El próximo sábado conmemoraremos el 87º aniversario de la proclamación de la II República. Esta efeméride, lejos de ponernos nostálgicos, debe servirnos para reflexionar sobre la actualidad de la realidad española y para recargar las pilas en nuestra lucha para ver surgir en un futuro próximo la III República en nuestro país.

En estos días, he visto varios artículos de opinión en los que se habla, una vez más, de lo extemporáneo de la institución monárquica. Cada vez menos gente entiende que el acceso a ningún cargo o empleo público –mucho menos a la Jefatura del Estado- se verifique por herencia. Los españoles nos dimos en su momento un Estado democrático y de derecho en el que a los ciudadanos se les daba la posibilidad de elegir a quienes nombrarían a su jefe de gobierno, a su presidente de la Comunidad Autónoma correspondiente y/o a su alcalde. ¿Imaginan ustedes que el hijo/a de Rajoy –si lo tiene, que no me interesa en absoluto- heredara la cabeza del ejecutivo? ¿Sería visto con naturalidad por algún ciudadano que no procediera de la República Popular de Corea del Norte?

También leía hace unos días una carta de un lector en la que se hacía una defensa apasionada de la Monarquía.

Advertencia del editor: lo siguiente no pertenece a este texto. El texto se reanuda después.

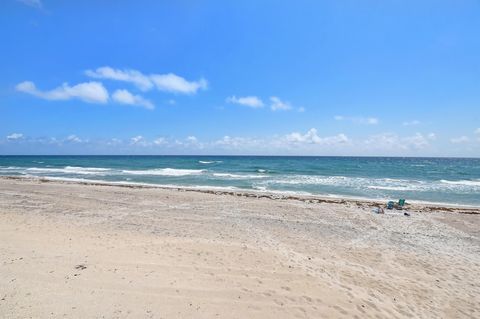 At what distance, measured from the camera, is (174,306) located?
15.9 ft

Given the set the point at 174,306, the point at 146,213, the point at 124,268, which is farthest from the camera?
the point at 146,213

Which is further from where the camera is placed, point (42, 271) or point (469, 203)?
point (469, 203)

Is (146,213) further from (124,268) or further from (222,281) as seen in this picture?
(222,281)

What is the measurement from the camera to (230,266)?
268 inches

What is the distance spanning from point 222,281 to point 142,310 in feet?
5.92

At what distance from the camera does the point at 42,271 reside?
584 cm

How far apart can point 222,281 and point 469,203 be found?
22.0 m

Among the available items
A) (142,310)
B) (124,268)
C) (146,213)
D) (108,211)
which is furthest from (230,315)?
(108,211)

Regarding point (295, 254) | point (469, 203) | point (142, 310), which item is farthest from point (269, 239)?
point (469, 203)

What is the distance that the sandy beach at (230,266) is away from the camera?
4.97 m

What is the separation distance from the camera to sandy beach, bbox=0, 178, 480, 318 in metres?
4.97

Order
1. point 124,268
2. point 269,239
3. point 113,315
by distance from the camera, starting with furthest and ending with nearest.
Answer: point 269,239, point 124,268, point 113,315

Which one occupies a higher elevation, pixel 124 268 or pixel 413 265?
pixel 124 268

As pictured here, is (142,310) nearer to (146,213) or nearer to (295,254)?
(295,254)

En ella, sin embargo, se hallaba una reflexión que en parte, solo en parte, comparto: la Monarquía caerá por los propios errores de los monárquicos más que por la presión de los republicanos. Evidentemente, es con la primera parte de la proposición con la que me identifico, porque creo –estoy absolutamente convencido- que el posicionamiento de los que nos sentimos republicanos jugará un papel fundamental en la caída de los Borbones. Pero volvamos al otro extremo: es claro el papel jugado por los miembros de la familia real y de la familia del rey en el desprestigio de la institución monárquica. Desde el propio emérito Juan Carlos, a la reina Leticia, pasando por Urdangarín, Cristina, Felipe Juan Froilán de Todos los Santos, etc. su comportamiento dista mucho de prestigiar a la Corona.

Todo ello además se ve agravado por un Estado que se tambalea por su propia podredumbre, que legitima la desigualdad y las injusticias, que manipula la verdad, intoxicándonos desde los medios de comunicación que controla, que jalea la injerencia de la Iglesia en cuestiones ajenas a su esfera, que permite y fomenta la corrupción, que castiga a las clases medias y populares, que se entrega a los poderes fácticos, manteniendo privilegios feudales, que criminaliza a los emigrantes, que denigra a la mujer, que vuelve a fusilar con su silencio y su inacción a los que asesinó el franquismo, que se ríe a boca abierta de la educación de sus jóvenes y de su futuro al negarles un empleo, que desprecia la salud de amplias capas de la población, que juega con las pensiones de quienes han trabajado toda su vida, que aniquila, en suma, la quimera de un estado de bienestar e igualitario.

Por eso decía al principio que el recuerdo del 14 de abril no debe llevarnos a la nostalgia, sino invitarnos a una reflexión seria sobre cuál queremos que sea la República que, merced a la venalidad de la Monarquía y a la reivindicación permanente de los republicanos, nos alumbre el futuro.